You can, with a bit of effort, create visualizations that get at the most important things to communicate: the uncertainty interval, and the “no impact” baseline:

df <- as_tibble(t(cr_ratio(100000, 100000, 15000, 15400, as_percents=FALSE)))
names(df) <- c('min', 'pt', 'max')
df$x <- 1
labels <- tribble(
  ~x, ~y, ~txt,
  "purchase rate", df$min, scales::percent(df$min-1, .1),
  "purchase rate", df$max, scales::percent(df$max-1, .1)
) 
ggplot(df, aes(x, ymin=min, y=pt, ymax=max)) +
  geom_crossbar(width=.2) +
  geom_text(data=labels, mapping=aes(x=x, y=y, ymin=NULL, ymax=NULL, label=txt),
            nudge_x=.2) +
  geom_hline(yintercept=1, color='blue') +
  scale_x_discrete("") +
  scale_y_continuous("B/A Ratio", labels=scales::percent, limits=c(.92, 1.08)) +
  coord_flip() +
  theme_minimal()

This display is handy to standardize, as you can show multiple different conversion rates on the same graph, giving clear context to the results of the experiment.

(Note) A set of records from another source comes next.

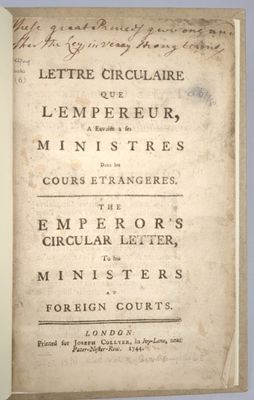 [CHARLES VII] : Lettre circulaire que l'Empereur a envoiée à…
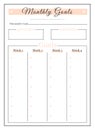 Month goals minimalist planner page design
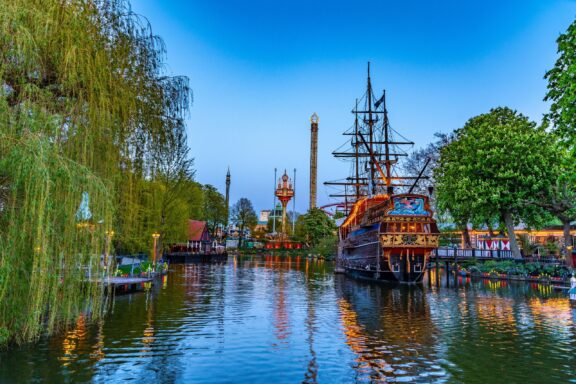Pirate Ship Restaurant at Tivoli Gardens at Dusk Pirateriet restaurant in the Trivoli Gardens amusement park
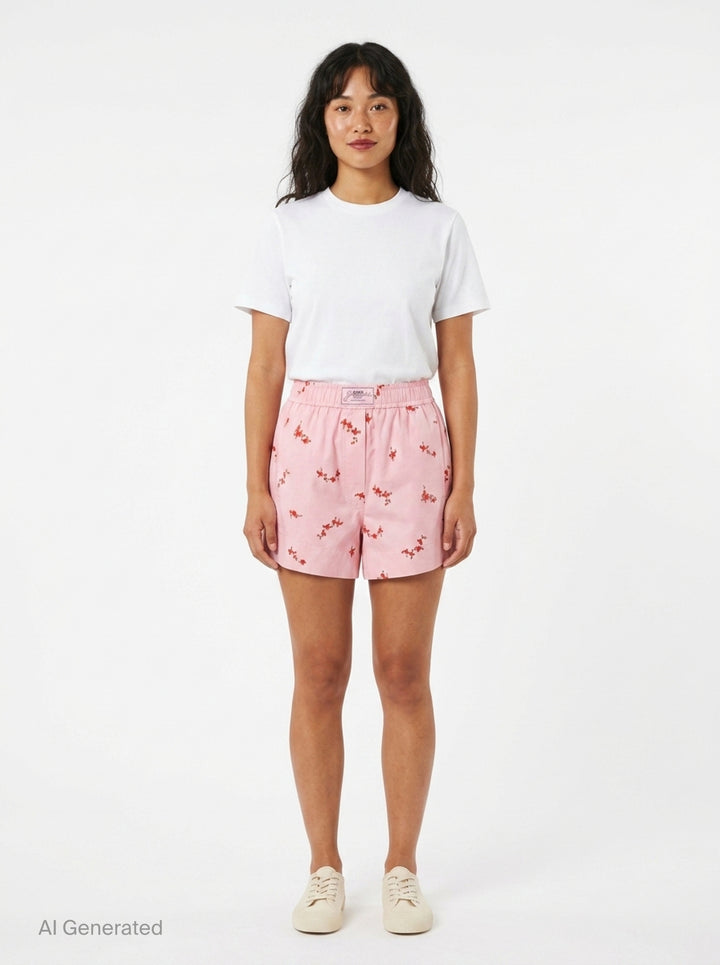 Printed Stretch Cotton Shorts | Ganni | Club21 - front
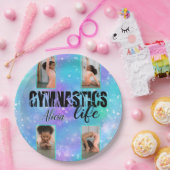 体操ライフパーソナライズされたパステル名&4写真 ペーパープレート (パーティー)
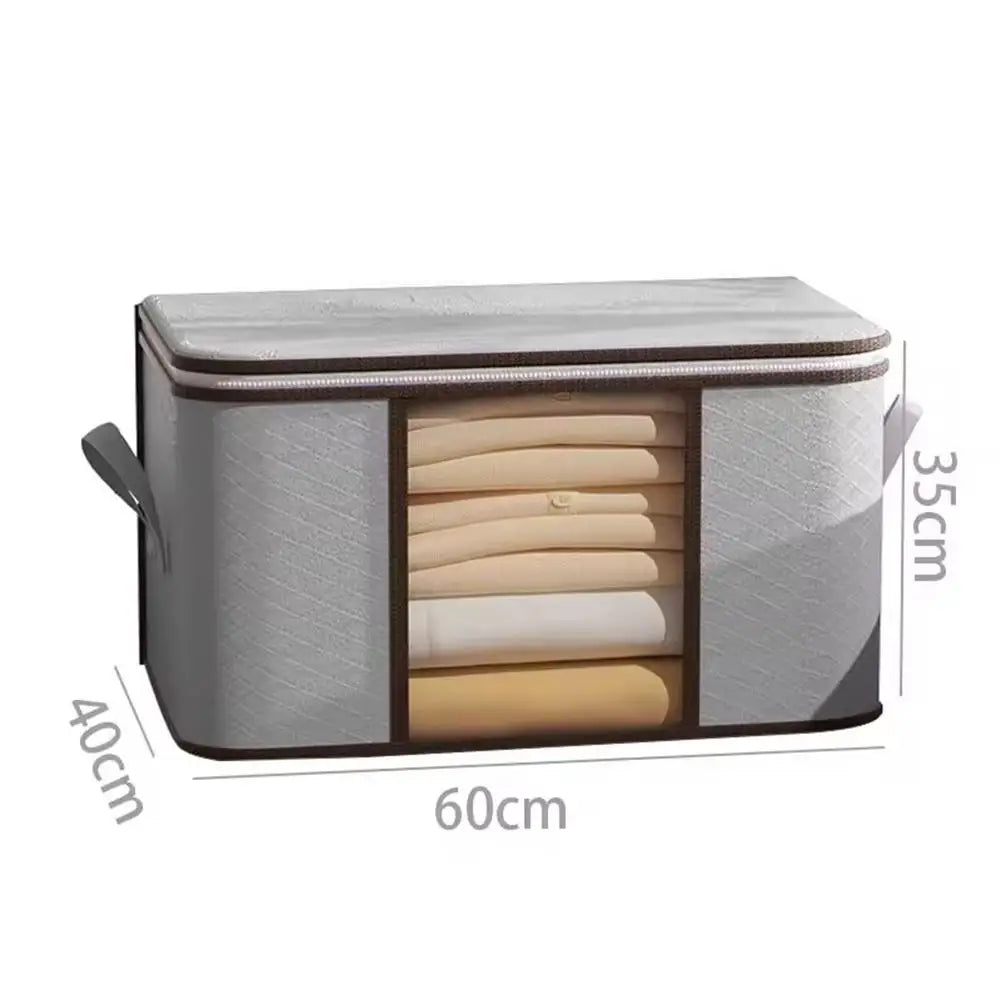 Moistureproof Clothes Storage Bag Large Quilt Blanket Organizer Box Portable Wardrobe Garment Packing Pouch with Visible Window Vue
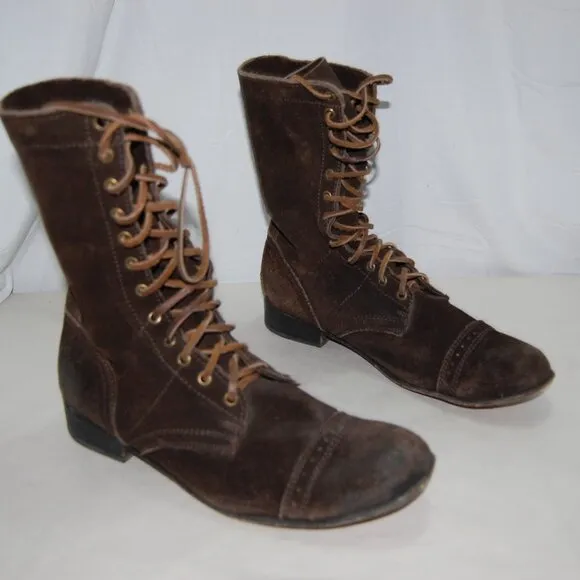 43/US10 🔥 NADIEN MEN Rugged SUEDE LEATHER COMBAT BIKER RIDING BOOTS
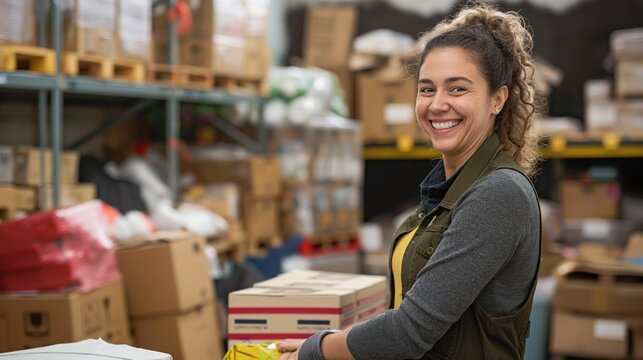 Woman volunteer in green vest stands in warehouse with donations. Holds cardboard box with various items. Warehouse shelves, racks for storage, organization. Woman position creates sense of depth,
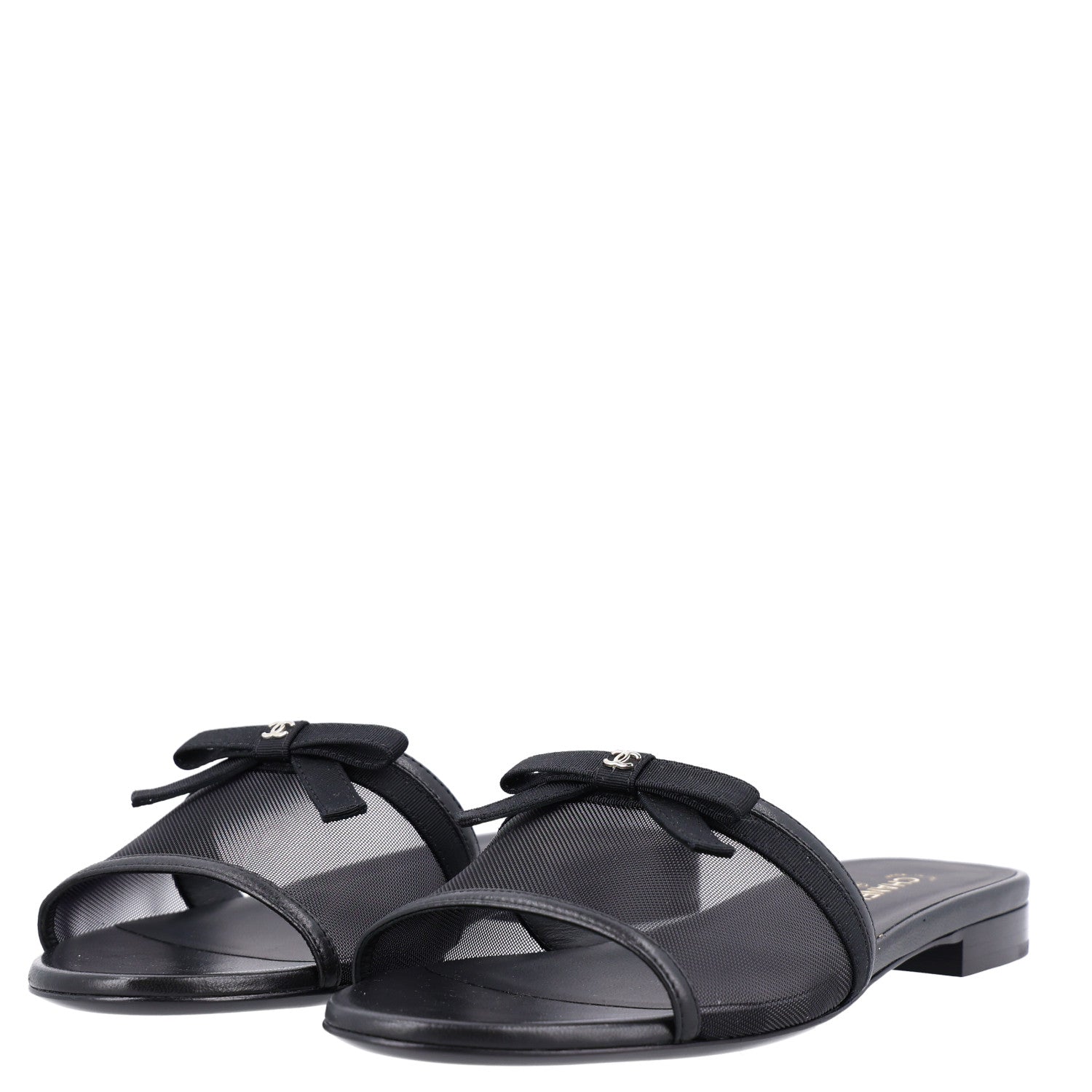 Chanel Mesh Lambskin CC Bow Mules 39.5 Black 3 of 9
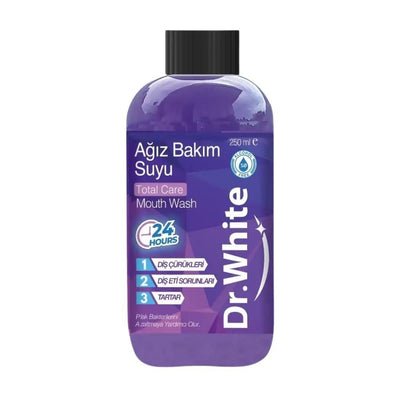 Dr. White Total Care Mouthwash 250 ml - Daily Oral Care for Healthier Gums and Teeth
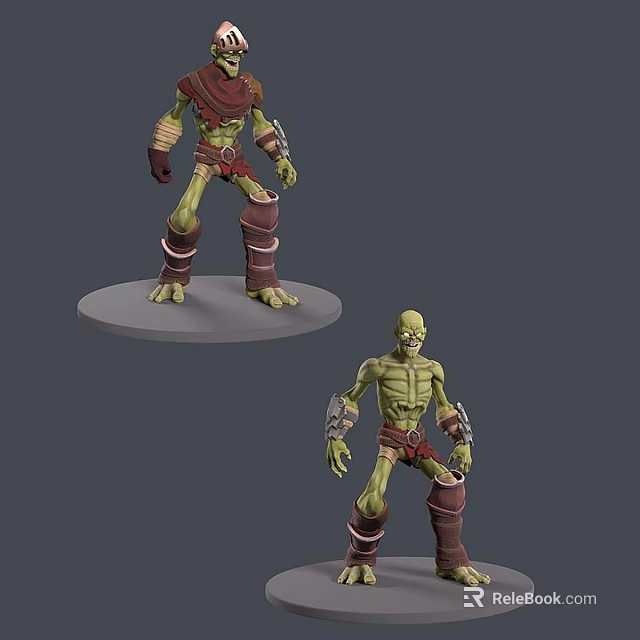 Gaming Fantasy Character Design With Green Skin Dual Poses And Armor Bracers Details 3d model 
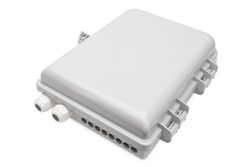 DIGITUS Caja de distribución FTTH Exterior - 16x LC/Duplex o 16x SC/Simplex - Grado de protección IP65 - Casete de Empalme de Fibra óptica - Gris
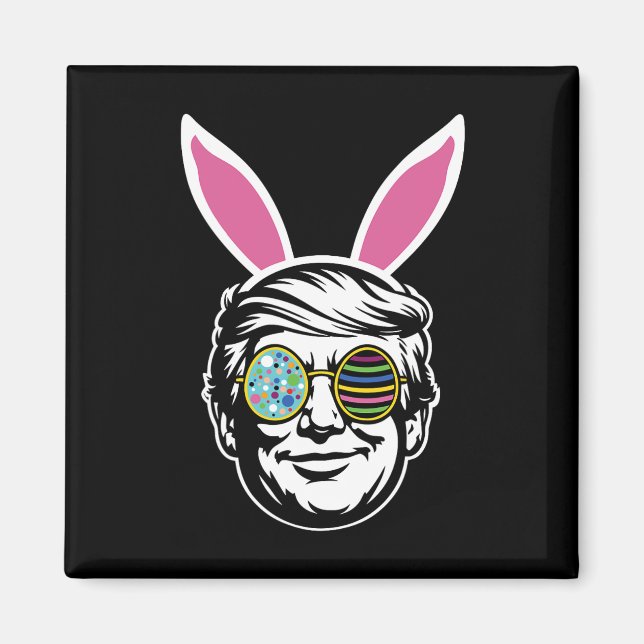 Imán Conejo de Pascua Feliz Trump Caza de Huevos de Pas (Frente)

Before certain statisticians in the audience write angry comments, I’m well aware that interpreting frequentist intervals correctly requires some hair-splitting language, and that Bayesian credible intervals are more directly tied to peoples’ intuitions. As it turns out, though, in practice at the scale that most web A/B tests run, there’s no practical difference. You can interpret frequentist intervals such as the above as if they were Bayesian, and describe them the “wrong way”, as if they were saying something about the beliefs you should have about the true values. Here’s an illustration, generating the Bayesian credible interval on the posterior distribution:

#plotBeta(15,85) # we think CR is around 15%
AB1 <- bayesAB::bayesTest(
                 c(rep.int(1, 15400), rep.int(0, 100000-15400)),
                 c(rep.int(1, 15000), rep.int(0, 100000-15000)),
                 priors = c('alpha' = 15, 'beta' = 85), 
                 n_samples = 1e5, distribution = 'bernoulli')
round(summary(AB1, 
              credInt=rep(0.95, length(AB1$posteriors)))$interval$Probability * 100,
      3)
##  2.5% 97.5% 
## 0.562 4.820

Because the number of observations is high, and our prior is relatively broad, this is essentially the same interval as we computed above. So we’re justified in the hand-waving that makes communications with business people much, much clearer. We can defensibly say, if pressed, that “very likely” is equivalent to “a range covering 95% of the credible values of the true ratio.” Plus, the closed-form frequentist approach is much, much faster than the numerical simulation required to compute the Bayesian intervals.

To sum up:

  1. For A/B tests in industry, you should speak business language, and talk about the relative improvement from the changes you’re testing.
  2. But, you need to be honest about your uncertainty. Lead with the uncertainty interval, and mention the point estimate only secondarily.
  3. Use the closed-form computation above to compute the uncertainty interval. Even though Bayesian computation is better in principle, it won’t help you help your organization make better decisions, it requires more work on your end, and it’s likely to confuse people.

If you end up using this approach to communicating A/B test results, I’d love to hear about your experiences! For me, I’ve found that consistently communicating this way led to easy conversations and fast decision-making.